Viviana Peretti is an Italian photographer interested in long-term and in-depth stories about marginalized communities and human rights violations. In 2000, after graduating with a BA in Literature from the University of Rome, she moved to Colombia, where she completed an MA in Journalism and spent years working as a freelancer. In 2010, Peretti graduated from the Documentary Photography and Photojournalism program at the International Center of Photography (ICP) in New York, where she lived for six years while working on personal projects about religious communities and diaspora, and producing assignments for The New York Times.
In 2013, Peretti was an Artist-in-Residence at L’École Nationale Supérieure de la Photographie (ENSP) in Arles, France. In 2014, she was elected Photographer of the Year at the Sony World Photography Awards' Arts & Culture category, and won the American Photography 30. In 2015, she was a Camargo Foundation Fellow in France. In 2017, Peretti was a Bogliasco Foundation Fellow in Italy. In 2021, she was a E.CO Residency Fellow at Baudó in Colombia.
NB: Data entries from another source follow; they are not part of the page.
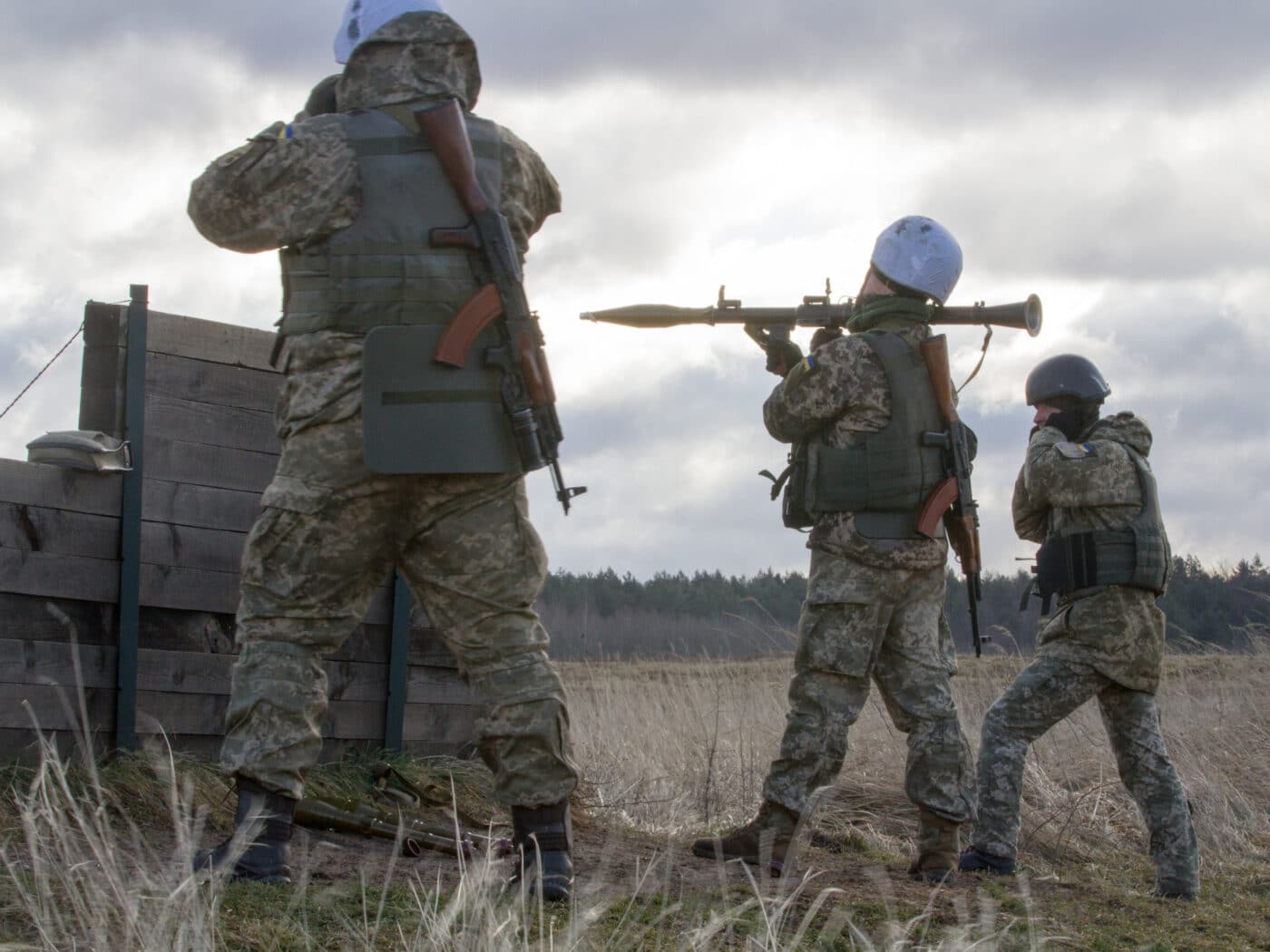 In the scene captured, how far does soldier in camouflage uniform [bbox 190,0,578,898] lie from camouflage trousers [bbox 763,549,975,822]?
1.51m

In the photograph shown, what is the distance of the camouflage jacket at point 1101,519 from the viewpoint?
588cm

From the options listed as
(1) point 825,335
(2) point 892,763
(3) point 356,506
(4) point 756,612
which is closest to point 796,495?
(1) point 825,335

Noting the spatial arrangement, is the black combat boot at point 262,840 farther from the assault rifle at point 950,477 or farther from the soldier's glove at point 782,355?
the soldier's glove at point 782,355

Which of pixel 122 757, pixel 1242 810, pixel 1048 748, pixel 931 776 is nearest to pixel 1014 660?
pixel 1048 748

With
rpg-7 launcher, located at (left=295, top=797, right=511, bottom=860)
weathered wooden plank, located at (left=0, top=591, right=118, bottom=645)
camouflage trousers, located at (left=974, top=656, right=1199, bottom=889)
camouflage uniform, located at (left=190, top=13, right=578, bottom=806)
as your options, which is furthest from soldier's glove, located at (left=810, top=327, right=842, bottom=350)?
weathered wooden plank, located at (left=0, top=591, right=118, bottom=645)

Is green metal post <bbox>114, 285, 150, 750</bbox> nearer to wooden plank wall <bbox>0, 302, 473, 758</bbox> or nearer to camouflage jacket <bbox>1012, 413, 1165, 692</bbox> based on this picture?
wooden plank wall <bbox>0, 302, 473, 758</bbox>

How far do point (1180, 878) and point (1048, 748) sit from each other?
362 centimetres

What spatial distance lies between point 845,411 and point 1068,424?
1.44 m

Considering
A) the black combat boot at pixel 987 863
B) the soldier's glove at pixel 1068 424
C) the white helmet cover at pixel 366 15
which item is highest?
the white helmet cover at pixel 366 15

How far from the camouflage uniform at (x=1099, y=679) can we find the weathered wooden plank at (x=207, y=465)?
126 inches

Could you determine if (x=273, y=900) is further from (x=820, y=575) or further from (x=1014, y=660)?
(x=1014, y=660)

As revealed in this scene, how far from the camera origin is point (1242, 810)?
8.05 meters

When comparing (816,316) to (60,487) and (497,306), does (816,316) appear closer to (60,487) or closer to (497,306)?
(497,306)

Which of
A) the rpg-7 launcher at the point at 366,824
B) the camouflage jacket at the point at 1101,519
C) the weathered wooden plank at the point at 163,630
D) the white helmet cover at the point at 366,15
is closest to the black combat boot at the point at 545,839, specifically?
the rpg-7 launcher at the point at 366,824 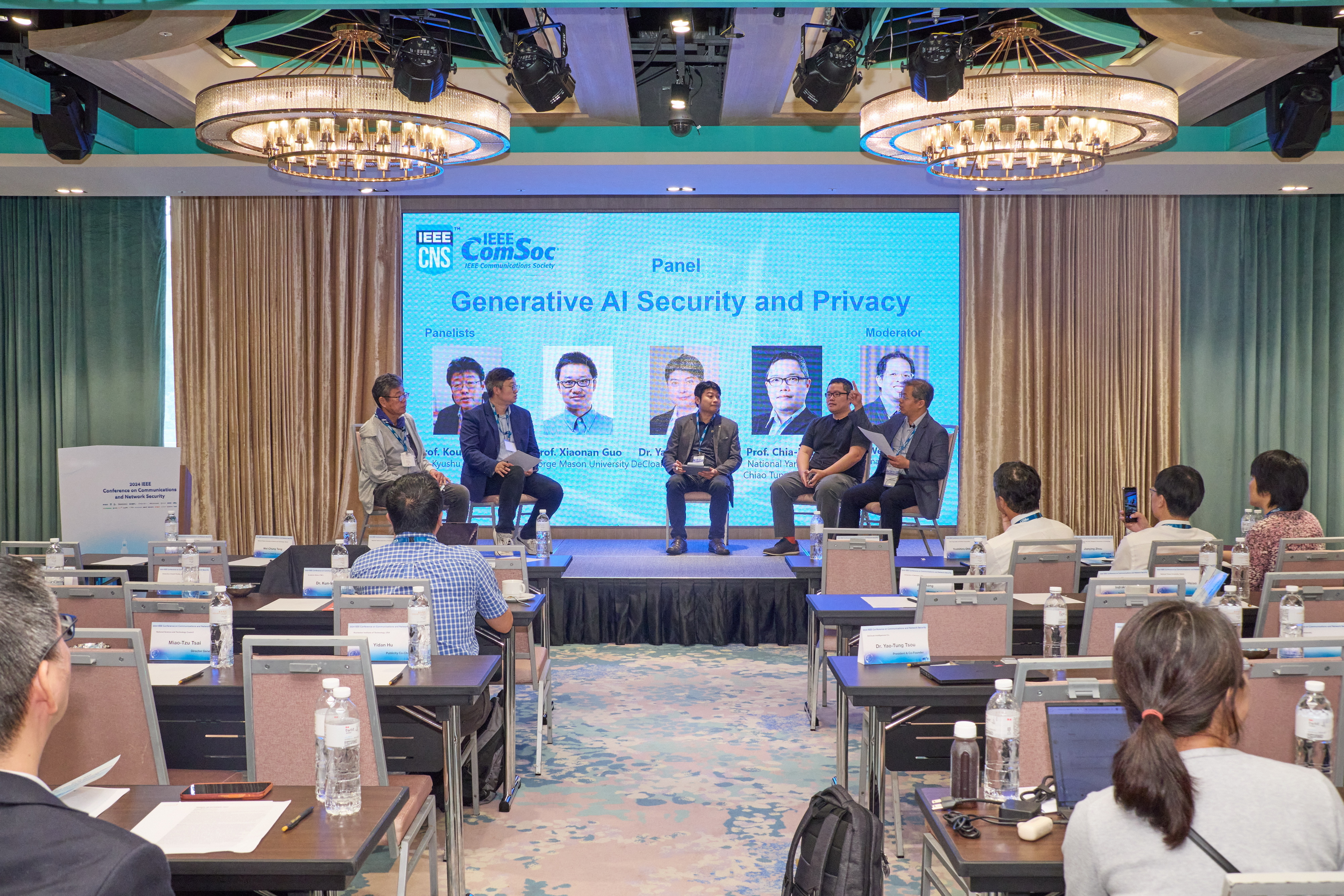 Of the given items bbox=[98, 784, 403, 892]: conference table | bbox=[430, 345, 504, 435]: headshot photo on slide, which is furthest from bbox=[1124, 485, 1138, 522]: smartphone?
bbox=[98, 784, 403, 892]: conference table

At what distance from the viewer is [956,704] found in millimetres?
3051

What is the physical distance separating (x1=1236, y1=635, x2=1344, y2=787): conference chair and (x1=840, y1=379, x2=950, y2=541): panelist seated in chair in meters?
4.47

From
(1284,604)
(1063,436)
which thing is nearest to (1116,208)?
(1063,436)

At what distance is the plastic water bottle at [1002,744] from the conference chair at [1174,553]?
8.38ft

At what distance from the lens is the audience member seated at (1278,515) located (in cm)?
489

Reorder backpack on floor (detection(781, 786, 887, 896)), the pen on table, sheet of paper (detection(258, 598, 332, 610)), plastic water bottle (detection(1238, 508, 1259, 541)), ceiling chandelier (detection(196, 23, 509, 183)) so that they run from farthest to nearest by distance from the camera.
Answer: plastic water bottle (detection(1238, 508, 1259, 541))
ceiling chandelier (detection(196, 23, 509, 183))
sheet of paper (detection(258, 598, 332, 610))
backpack on floor (detection(781, 786, 887, 896))
the pen on table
In 2022, she received an Honorable Mention from the World Press Photo Foundation for her project "Searching for Lost Lives", about forced disappearance in Colombia. In 2024, "Searching for Lost Lives" was finalist in The Aftermath Project, won the Women Photograph Grant and the Italian Council 13 Project. Peretti's work has been exhibited at the National Portrait Gallery in London, the MACRO Museum in Rome, the Museo Archivo de la Fotografía in Mexico City, and the Centre of Memory, Peace and Reconciliation (CMPR) in Bogotà, among others. Peretti’s photographs have been published by international media outlets including The New York Times, Newsweek, BBC, CNN, Vice, and Granta.